Ketiga. BMT adalah Lembaga keuangan yang menerapkan Pola Syariah. Berbeda
dengan lembaga keuangan atau perbankan dengan sistem konvensional yang
berbasis bunga. Pembiayaan atau penyaluran dana oleh BMT kepada nasabah
menggunakan akad Bagi hasil(mudharabah) dan atau Jual Beli(murabahah),
sehingga transaksi ini tidak akan mendhalimi kedua belah pihak baik BMT maupun
nasabah debitur. Akad bagi hasil akan sama-sama memberikan keuntungan kedua
belah pihak karena transaksi ini merupakan transaksi mitra atau kerjasama, bagi hasil
yang diberikan tidak tetap tetapi berfluktuatif bisa lebih besar atau lebih kecil
berdasarkan penghasilan yang diperoleh nasabah. Sedangkan akad jual beli akan
memberikan keamanan bagi kedua belah pihak walaupun suku bunga naik atau turun
tidak akan mempengaruhi nilai pembiayaan, karena nilai pembiayaan ditentukan
berdasarkan harga beli dan harga jual yang telah disepakati. Nasabah juga tidak
dibebankan denda dan finalti bunga yang berganda, sehingga nasabah lebih mudah
dan tenang dalam membayar kewajibannya.
Keempat. Walaupun BMT adalah lembaga keuangan syariah yang mengikuti prinsip-
prinsip Ekonomi Islam, namun dalam transaksinya tidak hanya melayani khusus umat
Islam saja tetapi juga dapat dilakukan kepada siapa pun termasuk dengan orang-
orang non muslim. Karena dalam Ekonomi Islam muamalah itu membawa misi
Rahmatan lil’Alamin, bahwa membantu dan memberikan atas dasar kasih sayang itu
dilakukan kepada seluruh umat manusia bukan hanya umat Islam.
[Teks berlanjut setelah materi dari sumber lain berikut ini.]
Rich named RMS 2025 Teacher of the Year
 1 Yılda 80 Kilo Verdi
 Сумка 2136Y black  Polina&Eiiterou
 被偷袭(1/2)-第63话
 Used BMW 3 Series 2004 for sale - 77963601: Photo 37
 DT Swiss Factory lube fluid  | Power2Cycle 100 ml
Kelima. BMT adalah lembaga keuangan non Bank, bidang usahanya tidak hanya pada
jasa keuangan tetapi juga dapat mengembangkan bidang usaha lainnya, seperti
misalnya Toko Waserda, Agen Travel, Toko Baju Muslim dan usaha-usaha lainnya
yang dianggap memberikan keuntungan secara halal
Dari keenam karakter di atas tidaklah naif dikatakan, bahwa BMT adalah Pahlawan
Ekonomi Rakyat, karena geraknya untuk rakyat khususnya masyarakat ekonomi kecil
dan menengah dimana jumlahnya sangat dominan di negeri ini.